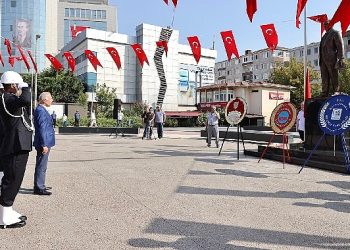 Zafer Bayramı Bayrampaşa’da merasimle kutlandı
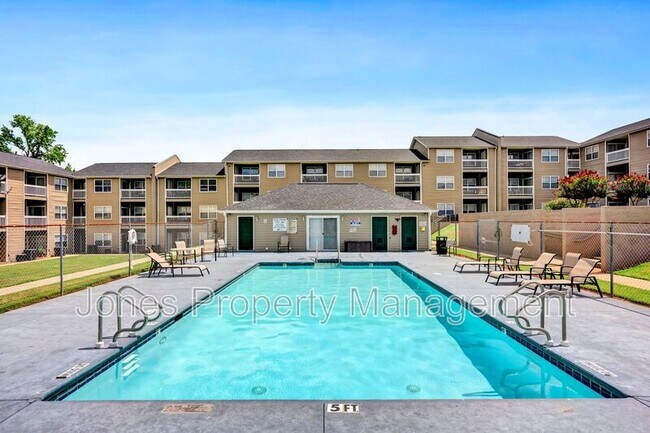 Building Photo - 307 Country Club Dr NE
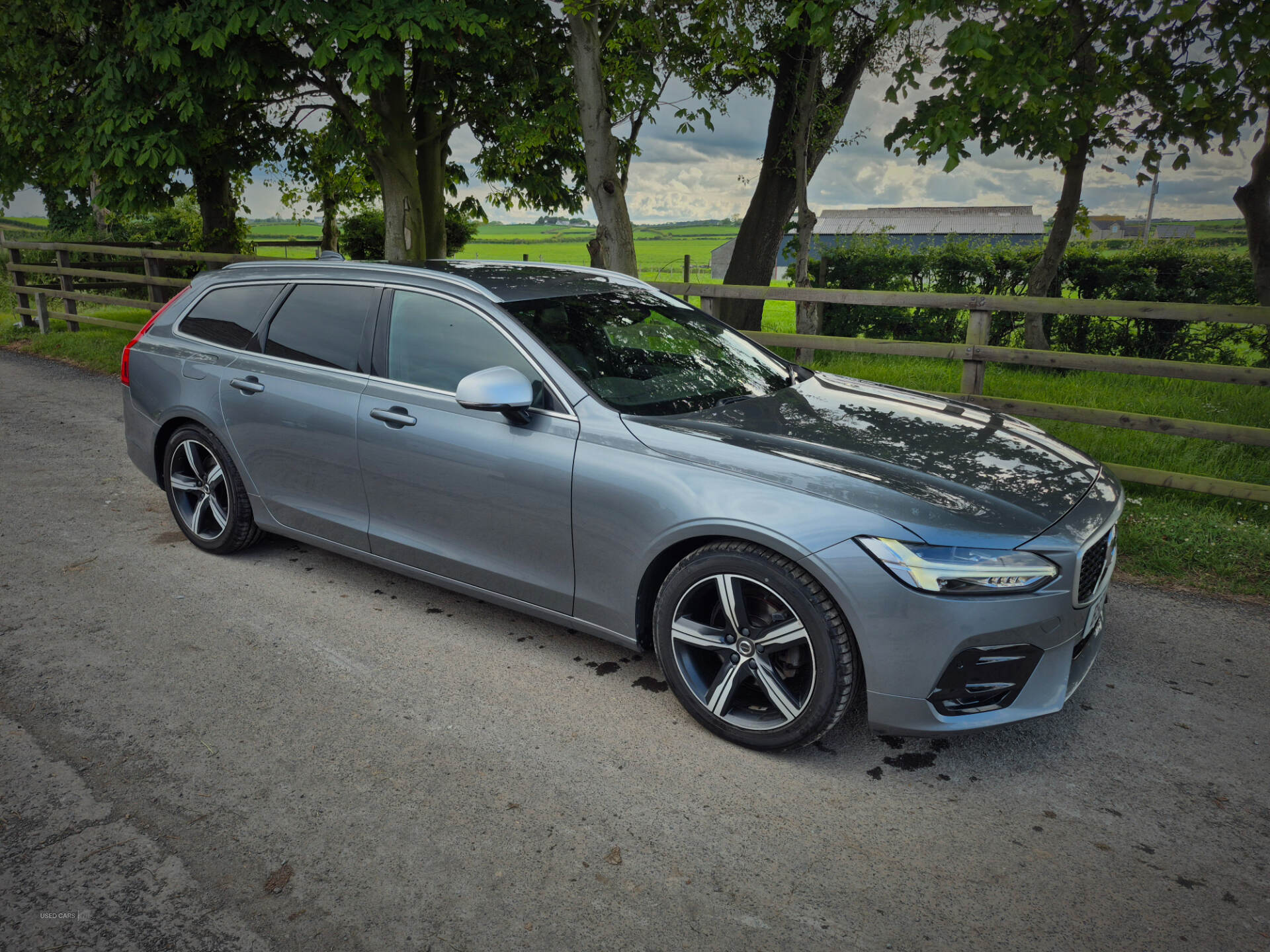 Jan 2018 Volvo V90 2.0 D4 R DESIGN 5dr Geartronic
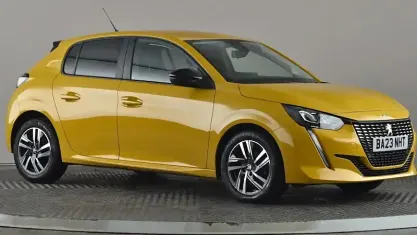 Begagnad Peugeot 208 Active+ 75 HK (55 kW) 2023 Gul Halvkombi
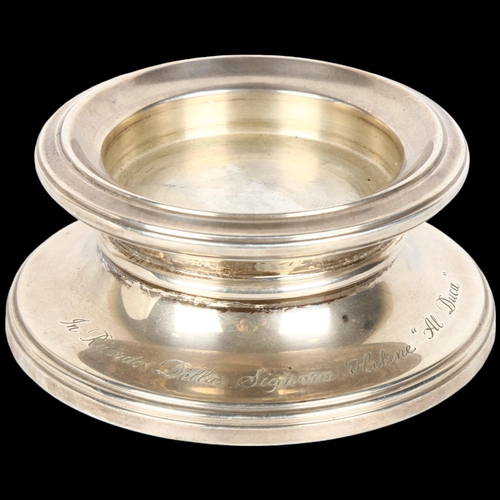 1481 - An Elizabeth II silver filled table candle holder, WI Broadway & Co, fits an 8cm candle, height 6cm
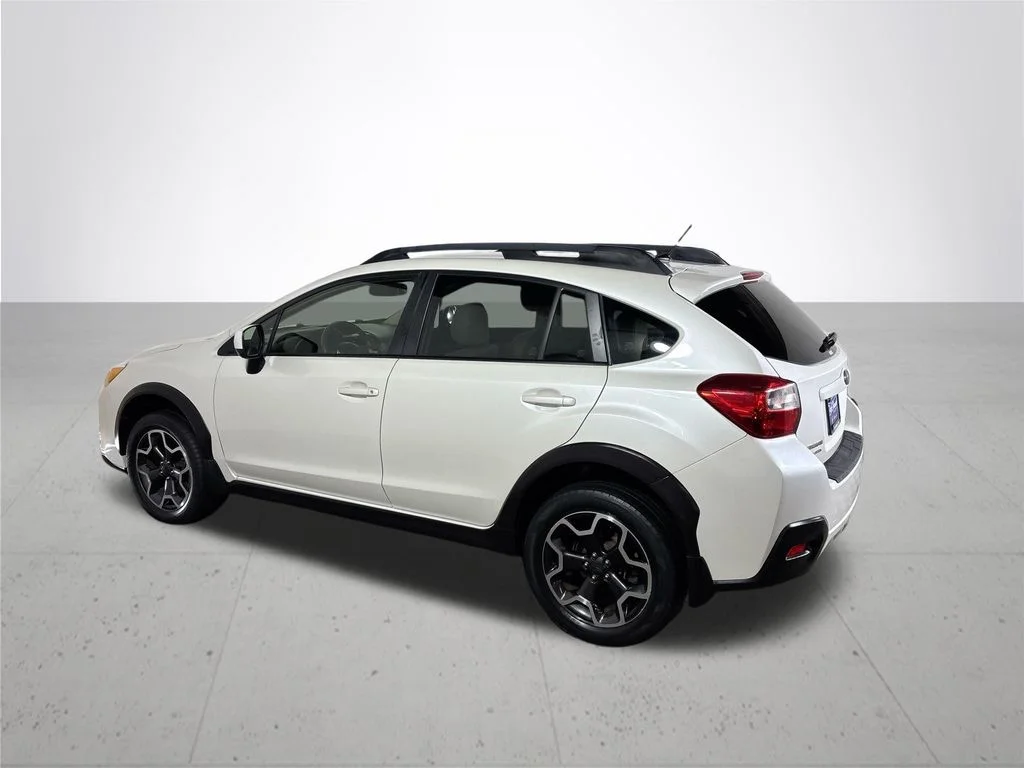 Used 2014 White Subaru 2.0i Limited image 8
##############################
## [PROBLEM STATEMENT]
Your copy should match the listing exactly, apart from the pictures it leaves out.

## [FINAL ANSWER]
 Zafer Bayramı Bayrampaşa’da merasimle kutlandı
 Building Photo - 307 Country Club Dr NE
 Jan 2018 Volvo V90 2.0 D4 R DESIGN 5dr Geartronic
 Begagnad Peugeot 208 Active+ 75 HK (55 kW) 2023 Gul Halvkombi
 1481 - An Elizabeth II silver filled table candle holder, WI Broadway & Co, fits an 8cm candle, height 6cm
 Used 2014 White Subaru 2.0i Limited image 8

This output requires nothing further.